Task details: Every line of the records below from the line with "Land Rover Freelander" up to and including the line with "Where History Meets Easy City Living" must be reproduced exactly, and no line outside that range.

Data section:
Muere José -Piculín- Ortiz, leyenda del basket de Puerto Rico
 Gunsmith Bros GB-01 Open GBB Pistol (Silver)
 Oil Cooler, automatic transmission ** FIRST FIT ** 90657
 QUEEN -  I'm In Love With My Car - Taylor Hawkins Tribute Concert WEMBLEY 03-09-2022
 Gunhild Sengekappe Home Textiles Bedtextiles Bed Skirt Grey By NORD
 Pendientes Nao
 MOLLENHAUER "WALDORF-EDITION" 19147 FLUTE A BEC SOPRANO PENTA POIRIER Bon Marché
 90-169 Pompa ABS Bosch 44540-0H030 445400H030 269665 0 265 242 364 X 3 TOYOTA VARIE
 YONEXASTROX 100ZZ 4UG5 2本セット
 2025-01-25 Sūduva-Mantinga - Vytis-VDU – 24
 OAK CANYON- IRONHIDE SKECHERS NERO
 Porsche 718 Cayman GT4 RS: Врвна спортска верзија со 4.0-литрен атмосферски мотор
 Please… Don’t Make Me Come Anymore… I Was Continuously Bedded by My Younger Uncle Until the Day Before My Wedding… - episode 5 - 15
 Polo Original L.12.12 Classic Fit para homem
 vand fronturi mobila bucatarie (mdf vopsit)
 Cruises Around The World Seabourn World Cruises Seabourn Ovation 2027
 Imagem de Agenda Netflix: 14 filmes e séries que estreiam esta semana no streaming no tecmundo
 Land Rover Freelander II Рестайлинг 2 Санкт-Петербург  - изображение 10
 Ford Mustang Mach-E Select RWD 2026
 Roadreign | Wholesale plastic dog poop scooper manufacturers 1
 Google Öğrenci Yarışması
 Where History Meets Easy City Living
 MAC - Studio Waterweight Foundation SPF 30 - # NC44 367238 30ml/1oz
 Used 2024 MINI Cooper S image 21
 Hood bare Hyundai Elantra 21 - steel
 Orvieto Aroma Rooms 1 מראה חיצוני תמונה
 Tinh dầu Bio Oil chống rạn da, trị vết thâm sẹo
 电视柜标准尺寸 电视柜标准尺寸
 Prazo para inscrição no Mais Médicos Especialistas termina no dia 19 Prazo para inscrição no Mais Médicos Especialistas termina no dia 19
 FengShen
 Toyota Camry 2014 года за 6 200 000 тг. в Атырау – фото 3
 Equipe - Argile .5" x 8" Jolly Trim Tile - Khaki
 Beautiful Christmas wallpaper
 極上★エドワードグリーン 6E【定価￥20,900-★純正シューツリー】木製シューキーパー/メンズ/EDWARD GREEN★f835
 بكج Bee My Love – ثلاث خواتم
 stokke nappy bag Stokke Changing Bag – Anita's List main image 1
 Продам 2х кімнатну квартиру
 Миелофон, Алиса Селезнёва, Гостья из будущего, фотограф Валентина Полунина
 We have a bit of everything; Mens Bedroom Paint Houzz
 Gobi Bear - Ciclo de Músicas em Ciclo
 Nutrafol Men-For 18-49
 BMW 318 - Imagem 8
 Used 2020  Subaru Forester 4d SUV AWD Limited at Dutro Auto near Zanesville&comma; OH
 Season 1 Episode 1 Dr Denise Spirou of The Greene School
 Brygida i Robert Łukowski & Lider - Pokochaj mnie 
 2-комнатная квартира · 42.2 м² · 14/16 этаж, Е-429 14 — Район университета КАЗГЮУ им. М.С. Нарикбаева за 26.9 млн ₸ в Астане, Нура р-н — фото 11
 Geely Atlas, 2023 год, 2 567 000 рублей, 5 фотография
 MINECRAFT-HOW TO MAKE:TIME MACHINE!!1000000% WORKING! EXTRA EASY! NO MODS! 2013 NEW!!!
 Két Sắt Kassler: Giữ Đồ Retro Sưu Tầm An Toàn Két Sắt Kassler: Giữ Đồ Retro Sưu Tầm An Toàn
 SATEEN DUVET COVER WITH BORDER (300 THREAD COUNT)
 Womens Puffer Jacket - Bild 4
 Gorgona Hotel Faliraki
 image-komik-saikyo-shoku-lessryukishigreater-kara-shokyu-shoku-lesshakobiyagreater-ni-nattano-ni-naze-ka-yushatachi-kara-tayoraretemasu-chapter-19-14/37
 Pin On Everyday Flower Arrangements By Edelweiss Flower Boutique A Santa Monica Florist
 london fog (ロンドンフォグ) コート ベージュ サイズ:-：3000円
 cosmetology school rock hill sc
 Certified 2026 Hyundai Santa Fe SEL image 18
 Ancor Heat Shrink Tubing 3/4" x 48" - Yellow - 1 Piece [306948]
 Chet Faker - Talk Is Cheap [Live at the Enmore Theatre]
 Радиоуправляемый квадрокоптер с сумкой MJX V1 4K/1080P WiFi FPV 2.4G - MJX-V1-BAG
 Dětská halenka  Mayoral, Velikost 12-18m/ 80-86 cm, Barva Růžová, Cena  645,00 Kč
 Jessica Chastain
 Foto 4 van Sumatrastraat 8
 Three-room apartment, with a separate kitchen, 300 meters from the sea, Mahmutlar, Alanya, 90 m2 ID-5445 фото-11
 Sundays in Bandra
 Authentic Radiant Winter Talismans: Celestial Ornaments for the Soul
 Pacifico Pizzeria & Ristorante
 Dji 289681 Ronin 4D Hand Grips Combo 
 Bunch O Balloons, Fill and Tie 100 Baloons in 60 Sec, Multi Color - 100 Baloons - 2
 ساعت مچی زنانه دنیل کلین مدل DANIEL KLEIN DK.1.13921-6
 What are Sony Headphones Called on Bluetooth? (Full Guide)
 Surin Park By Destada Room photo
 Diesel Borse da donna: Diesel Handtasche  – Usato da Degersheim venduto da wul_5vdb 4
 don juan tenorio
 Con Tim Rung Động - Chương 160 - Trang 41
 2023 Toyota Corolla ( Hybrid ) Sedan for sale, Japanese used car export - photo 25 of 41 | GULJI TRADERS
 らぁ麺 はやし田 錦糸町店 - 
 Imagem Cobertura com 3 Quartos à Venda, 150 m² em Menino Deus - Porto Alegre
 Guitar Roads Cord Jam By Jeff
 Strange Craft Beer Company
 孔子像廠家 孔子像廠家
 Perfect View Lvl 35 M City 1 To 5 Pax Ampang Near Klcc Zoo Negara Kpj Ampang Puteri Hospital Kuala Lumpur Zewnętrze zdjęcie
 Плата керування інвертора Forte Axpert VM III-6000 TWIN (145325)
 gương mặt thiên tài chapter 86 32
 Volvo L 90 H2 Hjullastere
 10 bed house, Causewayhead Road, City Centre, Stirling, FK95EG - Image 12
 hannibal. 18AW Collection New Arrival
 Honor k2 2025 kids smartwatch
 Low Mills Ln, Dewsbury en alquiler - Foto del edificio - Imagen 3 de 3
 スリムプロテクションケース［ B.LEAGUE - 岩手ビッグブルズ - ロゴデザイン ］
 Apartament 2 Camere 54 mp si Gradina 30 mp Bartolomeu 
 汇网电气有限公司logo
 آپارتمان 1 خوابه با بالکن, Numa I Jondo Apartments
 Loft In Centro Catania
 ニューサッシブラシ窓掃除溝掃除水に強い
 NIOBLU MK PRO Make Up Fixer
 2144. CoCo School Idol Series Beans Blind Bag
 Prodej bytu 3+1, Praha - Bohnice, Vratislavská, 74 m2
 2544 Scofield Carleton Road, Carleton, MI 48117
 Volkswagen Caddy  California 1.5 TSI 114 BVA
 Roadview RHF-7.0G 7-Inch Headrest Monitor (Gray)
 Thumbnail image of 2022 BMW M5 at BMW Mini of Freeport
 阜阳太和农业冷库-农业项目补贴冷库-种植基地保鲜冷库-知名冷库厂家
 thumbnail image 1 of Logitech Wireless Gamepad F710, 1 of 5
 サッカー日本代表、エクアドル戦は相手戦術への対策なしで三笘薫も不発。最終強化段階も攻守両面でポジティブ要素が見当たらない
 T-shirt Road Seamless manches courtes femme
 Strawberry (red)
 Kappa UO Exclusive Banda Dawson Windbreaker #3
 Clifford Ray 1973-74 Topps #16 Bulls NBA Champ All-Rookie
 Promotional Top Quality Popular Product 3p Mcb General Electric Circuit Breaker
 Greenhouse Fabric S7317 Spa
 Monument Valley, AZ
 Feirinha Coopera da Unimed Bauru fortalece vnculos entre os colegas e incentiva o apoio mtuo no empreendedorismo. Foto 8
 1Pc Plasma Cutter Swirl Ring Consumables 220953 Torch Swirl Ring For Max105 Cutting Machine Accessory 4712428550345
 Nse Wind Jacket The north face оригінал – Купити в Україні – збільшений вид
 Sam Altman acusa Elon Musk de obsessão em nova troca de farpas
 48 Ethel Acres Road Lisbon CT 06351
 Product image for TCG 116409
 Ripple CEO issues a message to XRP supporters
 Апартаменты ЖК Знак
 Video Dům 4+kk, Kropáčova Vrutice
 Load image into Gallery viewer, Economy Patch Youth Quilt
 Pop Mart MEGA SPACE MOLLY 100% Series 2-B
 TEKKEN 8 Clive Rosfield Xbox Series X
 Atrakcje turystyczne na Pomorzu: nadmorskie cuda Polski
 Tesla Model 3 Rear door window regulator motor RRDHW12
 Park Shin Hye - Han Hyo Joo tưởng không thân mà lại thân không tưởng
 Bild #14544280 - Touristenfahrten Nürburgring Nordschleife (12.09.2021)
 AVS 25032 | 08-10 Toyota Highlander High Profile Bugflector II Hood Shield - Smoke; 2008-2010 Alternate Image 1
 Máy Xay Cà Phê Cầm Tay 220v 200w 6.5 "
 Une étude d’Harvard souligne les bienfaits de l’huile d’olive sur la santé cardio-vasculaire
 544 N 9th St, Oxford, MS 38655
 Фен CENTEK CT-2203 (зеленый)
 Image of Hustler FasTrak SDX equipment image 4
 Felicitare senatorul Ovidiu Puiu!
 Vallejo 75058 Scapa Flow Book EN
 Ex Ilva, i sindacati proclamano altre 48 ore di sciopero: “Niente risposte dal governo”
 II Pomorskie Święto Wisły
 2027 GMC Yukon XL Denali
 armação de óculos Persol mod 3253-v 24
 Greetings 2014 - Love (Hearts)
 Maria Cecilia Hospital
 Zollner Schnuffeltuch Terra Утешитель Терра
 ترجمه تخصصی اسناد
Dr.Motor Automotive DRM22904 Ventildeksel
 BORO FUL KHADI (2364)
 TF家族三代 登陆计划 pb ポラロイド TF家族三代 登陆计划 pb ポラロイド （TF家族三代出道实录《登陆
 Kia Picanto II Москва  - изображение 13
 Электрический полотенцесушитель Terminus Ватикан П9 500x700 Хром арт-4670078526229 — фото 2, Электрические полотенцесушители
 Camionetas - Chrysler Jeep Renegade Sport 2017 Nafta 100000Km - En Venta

Written response:
 Land Rover Freelander II Рестайлинг 2 Санкт-Петербург  - изображение 10
 Ford Mustang Mach-E Select RWD 2026
 Roadreign | Wholesale plastic dog poop scooper manufacturers 1
 Google Öğrenci Yarışması
 Where History Meets Easy City Living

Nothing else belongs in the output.